● **What to do**: Please output the listing exactly as it stands, but omit any images.

● **Provided material**:
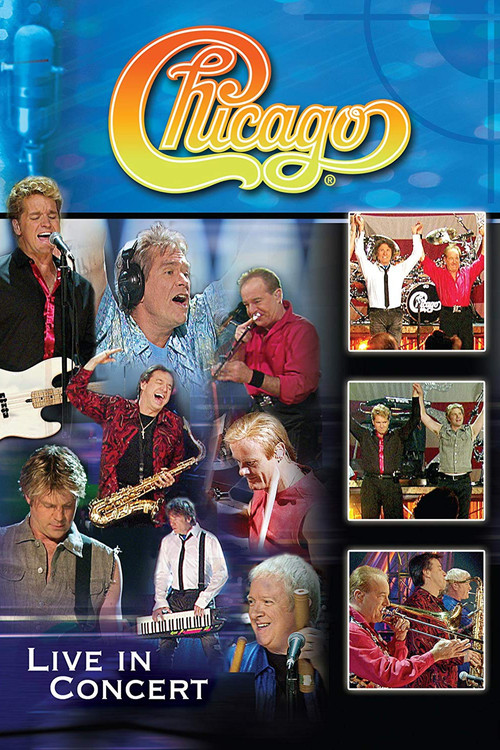 Chicago - Live in Concert постер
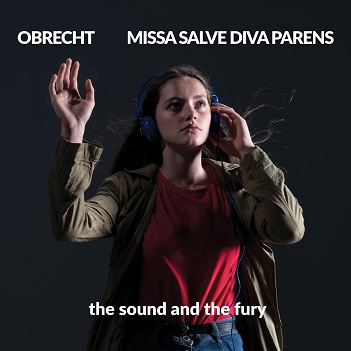 Obrecht: Missa Salve Diva Parens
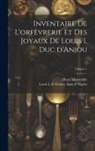 Henri Moranvillé, de France King of Naples Louis I. - Inventaire de l'orfèvrerie et des joyaux de Louis I, duc d'Anjou; Volume 1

● **Final answer**:
 Chicago - Live in Concert постер
 Obrecht: Missa Salve Diva Parens
 Henri Moranvillé, de France King of Naples Louis I. - Inventaire de l'orfèvrerie et des joyaux de Louis I, duc d'Anjou; Volume 1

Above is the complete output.